Training a GPT2 from scratch may not be practical always. To speed up training, you can download the pretrained weights for GPT2 and then fine tune on your dataset. In gpt.c, you can use the model.py
script to download pretrained weights.
To download the pretrained GPT2 weights, use the following:
Note: Caution, large files will be downloaded for gpt2-large and gpt2-xl.
python3 model.py --from-pretrained gpt2 --name gpt2
python3 model.py --from-pretrained gpt2-medium --name gpt2-medium
python3 model.py --from-pretrained gpt2-large --name gpt2-large
python3 model.py --from-pretrained gpt2-xl --name gpt2-xl
Finetune the 124M model (gpt2) by training it on our custom dataset.

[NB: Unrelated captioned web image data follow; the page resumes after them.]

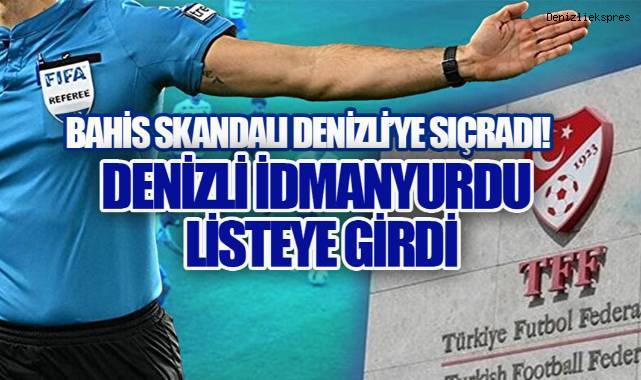 Bahis Skandalı Denizli'yi Salladı: Denizli İdmanYurdu Listeye Girdi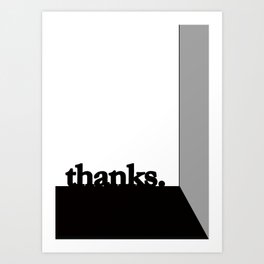 Thanks, Greeting-Art, Typography, Simple Quote, Minimal, Modern Design Black and White Art Print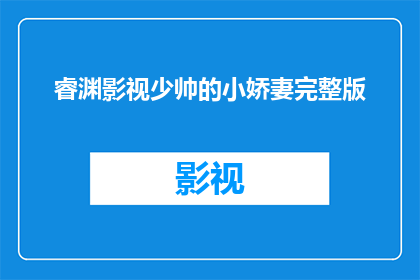 睿渊影视少帅的小娇妻完整版(睿渊影视少帅的小娇妻完整版，你期待的爱情故事是否已经呈现？)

OPENBLAS_NUM_THREADS=6 ./train_gpt --train-data=data/tinyshakespeare/tinyshakespeare_train.bin --val-data=data/tinyshakespeare/tinyshakespeare_val.bin --max-epochs=2 --log-dir=model_checkpoints --output=gpt2 --batch-size=8 --block-size=128 --lr=3e-4 --load-checkpoint="./model/gpt2.bin"
Training Output
GPT2 Model Settings
+-----------------+------------------+
| Parameter | Value |
+-----------------+------------------+
| max_block_size | 1024 |
| vocab_size | 50257 |
| n_layers | 12 |
| n_heads | 12 |
| n_embd | 768 |
| checkpoint_path | ./model/gpt2.bin |
| steps_trained | 0 |
+-----------------+------------------+
Training Settings
+--------------------+------------------------------------------------+
| Parameter | Value |
+--------------------+------------------------------------------------+
| train_data | data/tinyshakespeare/tinyshakespeare_train.bin |
| val_data | data/tinyshakespeare/tinyshakespeare_val.bin |
| log_dir | model_checkpoints |
| save_checkpoint | model_checkpoints/gpt2.bin |
| max_epochs | 2 |
| train_batch_size | 8 |
| train_block_size | 128 |
| num_train_batches | 297 |
| total_train_steps | 594 |
| validation_enabled | true |
| val_batch_size | 8 |
| val_block_size | 128 |
| val_interval | 1 |
| num_val_batches | 31 |
| lr | 3.0000e-04 |
| weight_decay | 0.0000e+00 |
| beta1 | 9.0000e-01 |
| beta2 | 9.9000e-01 |
| eps | 1.0000e-08 |
+--------------------+------------------------------------------------+
epoch: 1 step: 1 | train loss: 4.712466 lr: 3.0000e-04 | took 2864.6513 ms
epoch: 1 step: 2 | train loss: 4.580047 lr: 3.0000e-04 | took 2142.8506 ms
epoch: 1 step: 3 | train loss: 4.273422 lr: 3.0000e-04 | took 1949.3644 ms
epoch: 1 step: 4 | train loss: 4.167133 lr: 3.0000e-04 | took 1961.8056 ms
epoch: 1 step: 5 | train loss: 4.040521 lr: 3.0000e-04 | took 1949.3284 ms
epoch: 1 step: 6 | train loss: 4.246991 lr: 3.0000e-04 | took 1965.3100 ms
epoch: 1 step: 7 | train loss: 3.724629 lr: 3.0000e-04 | took 1952.5358 ms
epoch: 1 step: 8 | train loss: 4.232645 lr: 3.0000e-04 | took 1998.7662 ms
epoch: 1 step: 9 | train loss: 4.279507 lr: 3.0000e-04 | took 2527.5224 ms
.. (truncated) ..
Running validation
val loss: 3.850747 | val_batches: 31 | validation took 18.2614 seconds
Model saved at model_checkpoints/gpt2.bin
.. (truncated) ..
Training Statistics
Best training loss: 3.138453
Best validation loss: 3.850747
Latest model checkpoint: model_checkpoints/gpt2.bin
Now, let's try inferring from the finetuned model on the same prompts as before.
GPT2 Model Settings
+-----------------+----------------------------+
| Parameter | Value |
+-----------------+----------------------------+
| max_block_size | 1024 |
| vocab_size | 50257 |
| n_layers | 12 |
| n_heads | 12 |
| n_embd | 768 |
| checkpoint_path | model_checkpoints/gpt2.bin |
| steps_trained | 594 |
+-----------------+----------------------------+
Starting Inference
:
Thou bless'st me, John.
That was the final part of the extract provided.